* _WHAT NEEDS TO BE DONE_: Beneath this task are the entries; from the line with "burçlar, karalamalar desen." through the last one, transcribe every line exactly and nothing else, skipping pictures.

* _MATERIAL TO PROCESS_:
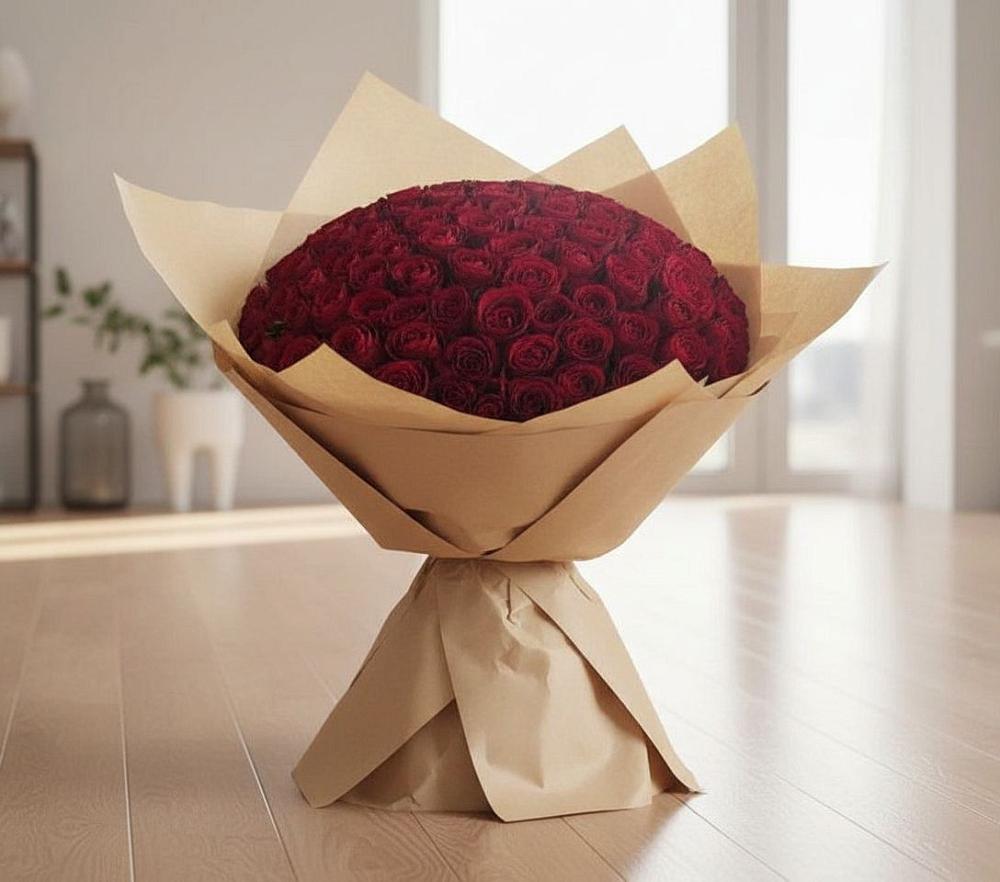Букет 101 Красная роза в Нижнезольском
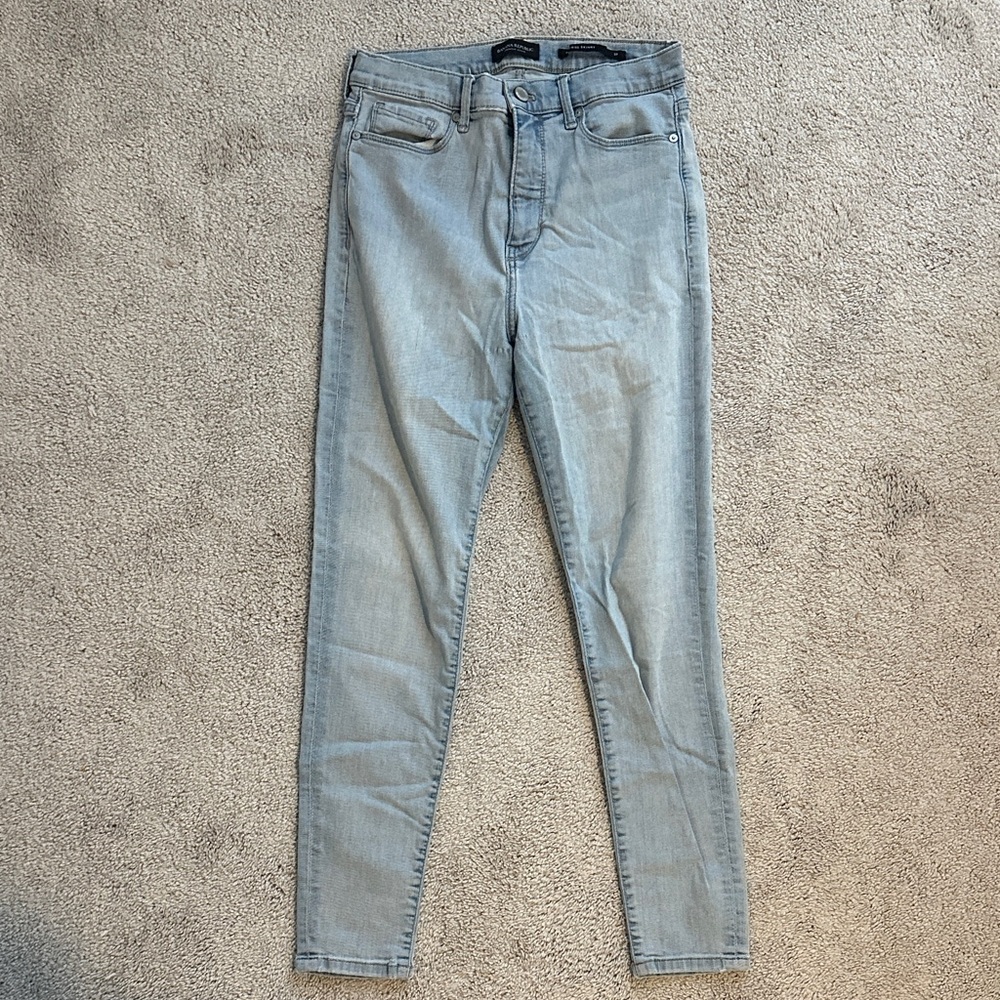 Banana Republic Light Blue Highrise Skinny Jeans 29
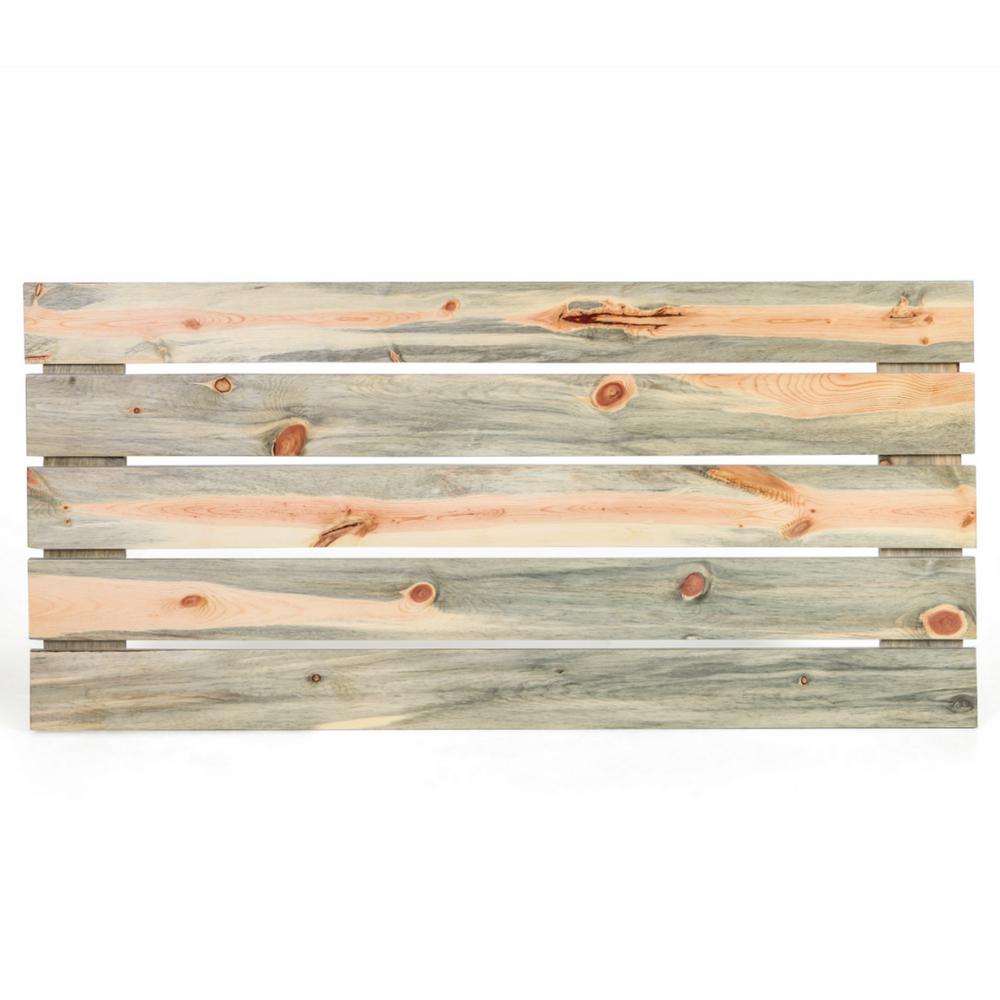Ghost River Slat Style Blue Stain Pine Twin Headboard 10a The Home Internet 307655280 Ghost River Slat Style Blue Stain Pine Twin Headboard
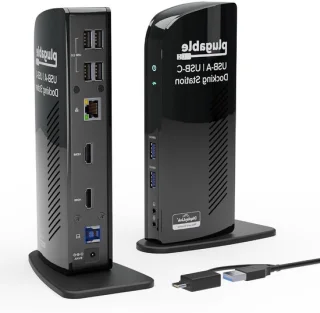 Plugable USB 3.0 Universal Laptop Docking Station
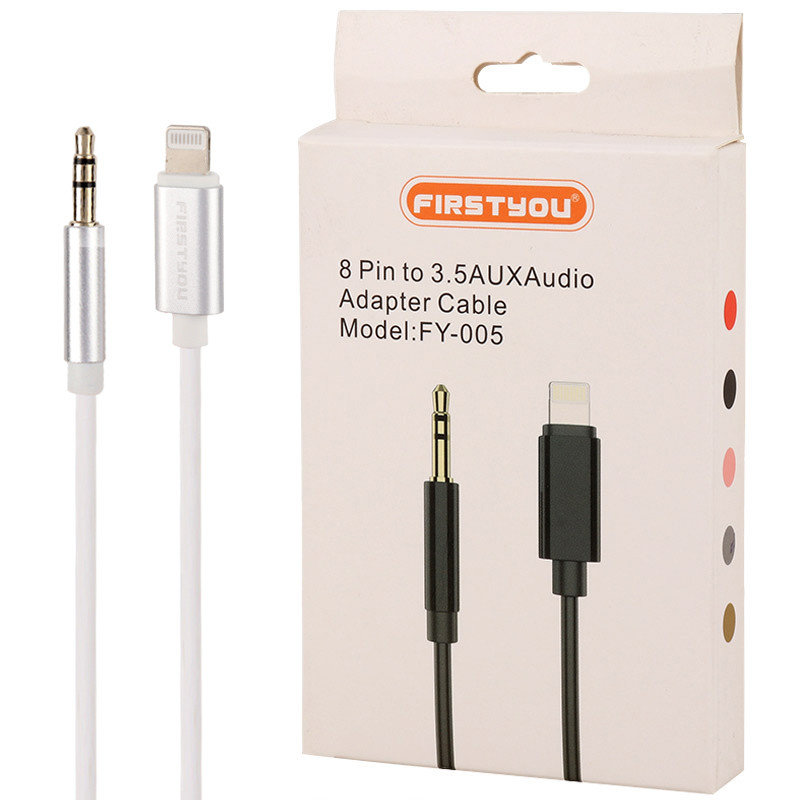 کابل تبدیل Firstyou FY-005 AUX To Lightning 1m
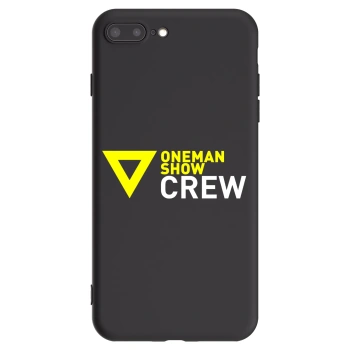 Picasee silikónový čierny obal pre Apple iPhone 8 Plus - ONEMANSHOW CREW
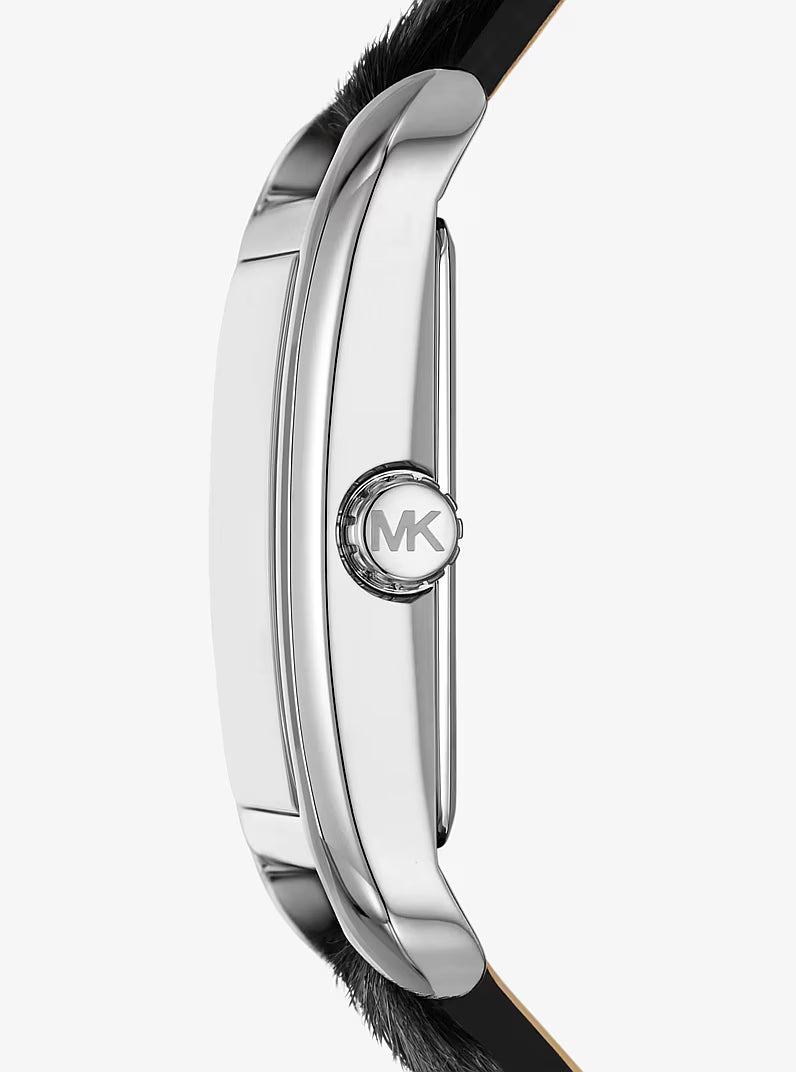 Michael Kors Monroe MK01199 Women’s Watch – Leopard Print Calf Hair Design
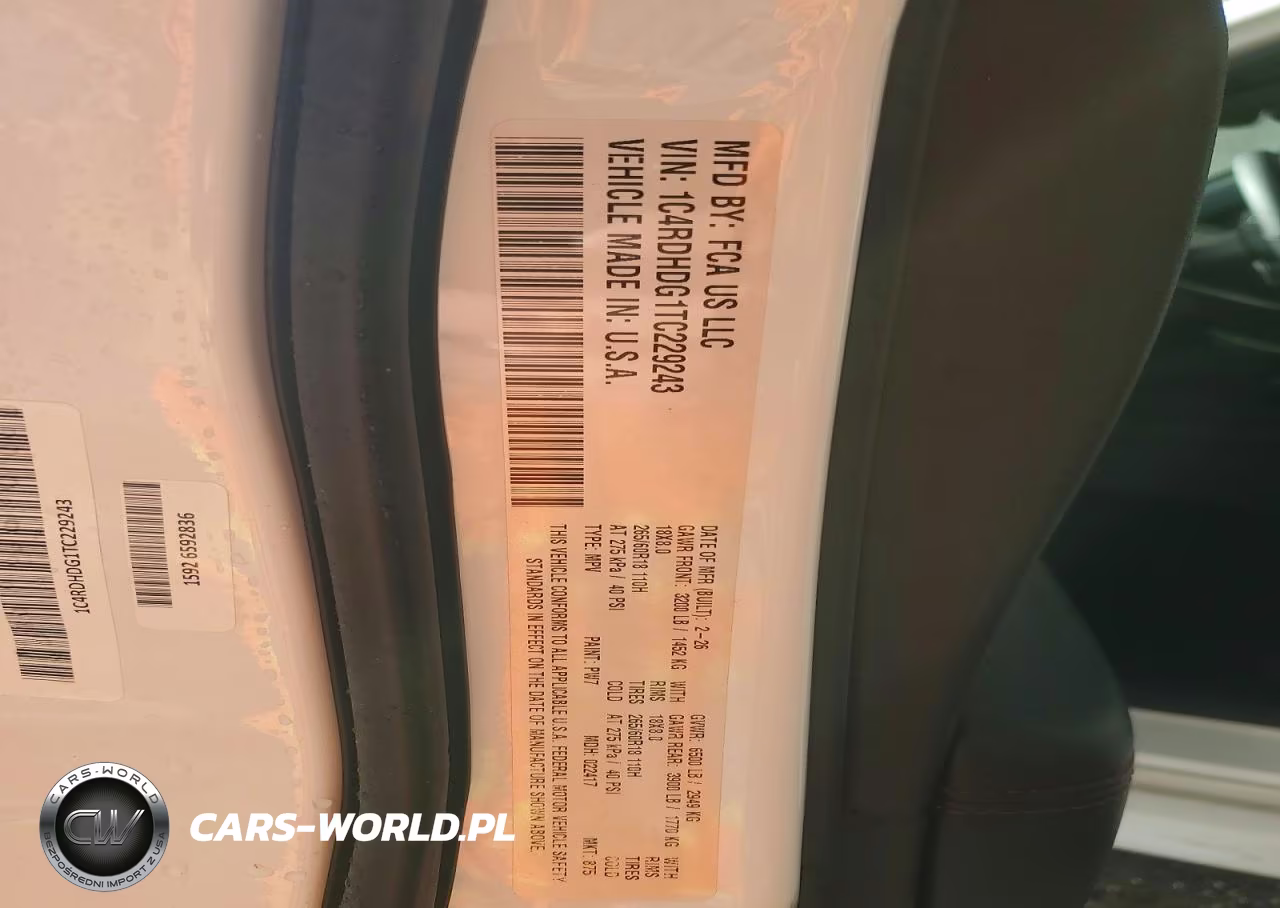 2026 Dodge Durango Gt VIN:1C4RDHDG1TC229243 - 13
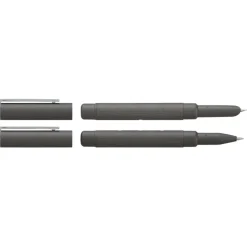 Parure plume + roller HECHTER PARIS "Silhouette Milky Way" coloris gun métallisé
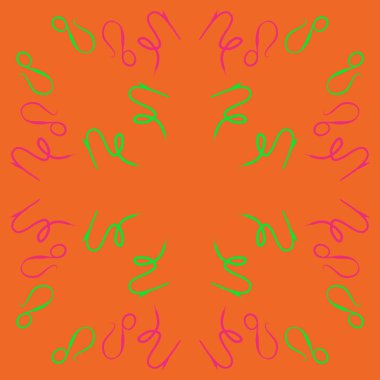 burçlar, karalamalar desen. vektör illüstrasyon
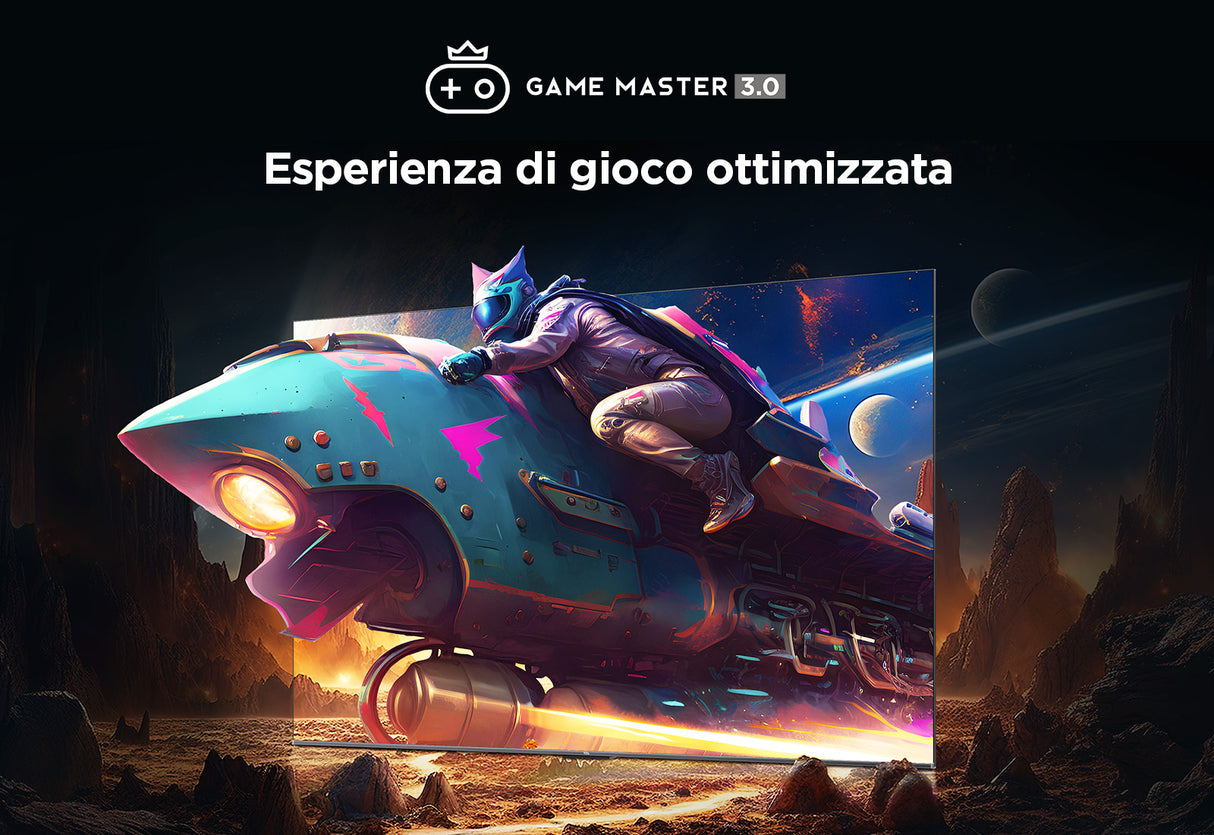 TCL C69 Serie C6 Smart TV QLED 4K 55" 55C69B, audio Onkyo con subwoofer, Dolby Vision - Atmos, Google TV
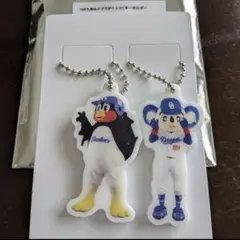 東京ヤクルトスワローズ 中日ドラゴンズ つば九郎＆ドアラがくっつくキーホルダー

* _WRITTEN SOLUTION_:
 burçlar, karalamalar desen. vektör illüstrasyon
 TCL C69 Serie C6 Smart TV QLED 4K 55" 55C69B, audio Onkyo con subwoofer, Dolby Vision - Atmos, Google TV
 東京ヤクルトスワローズ 中日ドラゴンズ つば九郎＆ドアラがくっつくキーホルダー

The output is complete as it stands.